Kikuchiyo resides on the opposite end of the spectrum as a well-structured Campbell hero. His initial demeanor is that of the trickster feigning the role of a samurai, having neither formal training nor legitimate claim to be a samurai in the truest sense of the societal class. To his companions he is simply a humorous peasant with great dreams and a comically greater sword. One of his first trials was mournfully looking on as a mother dies leaving a child orphaned, which apparently is similar to his own upbringing in the way that he responds, and the thoughts that he could have perhaps prevented such a tragedy. A second significant trial resides in his vainglorious attempt to recover a musket leaving a gap in the villages defenses that results in the death of Gorobei, a fellow samurai, and Yohei, the villager Kikuchiyo left in charge of his troop. Both events harden him as he feels that his failure to be the samurai he needed to be resulted in a loss of life easily prevented, and he dwells on these hardships extensively. On the final day of the bandit assault, Kikuchiyo undergoes his last transformation, ironically enough becoming the archetypal Musashi samurai he needed to be at the beginning of his journey. The final musket wielding bandit infiltrates the village and holds the women hostage as he guns down Kyuzo and Kikuchiyo from the hut. Despite being shot, Kikuchiyo does not emotionally respond and accept defeat, but rather calmly rises and sets upon the musketeer, disregarding his own imminent death. Kikuchiyo’s last stand marks his ultimate change into the samurai he desperately wished to be, as he had no concern for his mortality and was set on killing the panicking musketeer so that he could prevent any further deaths. In this way he is not only the Cambellian hero that underwent great personal change, but he also died a hero’s death that Campbell also acknowledges as a possible part of the hero’s journey.

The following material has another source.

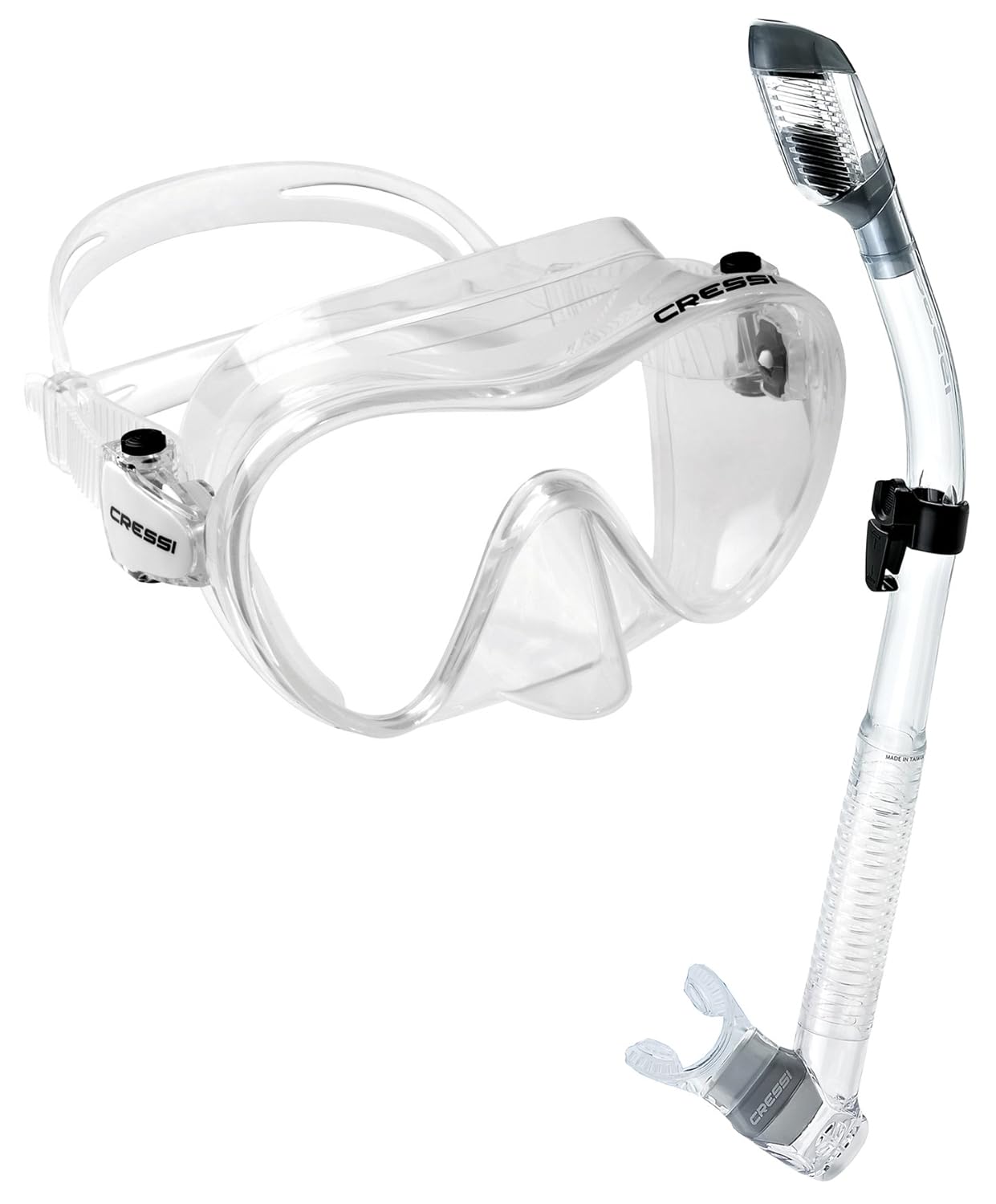 Cressi Frameless Asian Fit Scuba Snorkeling Dive Mask Dry Snorkel Set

The modern American viewer would find Kikuchiyo to be the most compelling hero for a variety of reasons. Initially they will enjoy him because he is the hero that jokes and is made a fool of frequently, a common hero archetype that the majority of the American audience is accustomed to. He is the pseudo-samurai that more often acts like a typical American hero in his brash actions and flamboyant emotional responses. Perhaps more importantly the American viewer can put themselves in Kikuchiyo’s shoes effortlessly as they could easily see themselves being that character in the story, in that they have aspirations of being a calm and collected samurai but would more than likely make light of the situation and embarrass themselves. His conviction in his dying moments is easily the aspect Kikuchiyo would be most admired for by an American audience, as this seemingly polar opposite of a samurai finally achieves his goals and uses his new-found identity to selflessly end the danger and sacrifice himself for the sake of his brethren and the innocent villagers.

The archetypes of Musashi and Campbell highlight significant differences in a hero’s identity that make them separate but equal in many ways. One may strive for physical, mental and strategic perfection, while the other may already believe they are perfect yet become humbled and changed by the hardships of their journey. It becomes apparent through the study of a culture and its historical heroes that such archetypes are defined by the region, and a particular hero can wildly differ from another hero just a short distance away. Though it remains clear, at least in regards to an American audience, that the lovable, emotional hero who faces turmoil and strife is the hero Americans will continue to hold most dear to their heart.

One Response to The Campbellian and Musashian Samurai

  1. benander says:

    This is my favorite sentence of the essay: “To his companions he is simply a humorous peasant with great dreams and a comically greater sword.” You do a marvelous job explicating Kikuchiyo’s journey. I agree that he does evolve into the Musashi hero in his last act: one cut, victory is more important than death. You make a great point about how American audiences can better identify with this character because of his emotional change and sacrifice. The Kambei character might be too abstract for them to get, although no less admirable.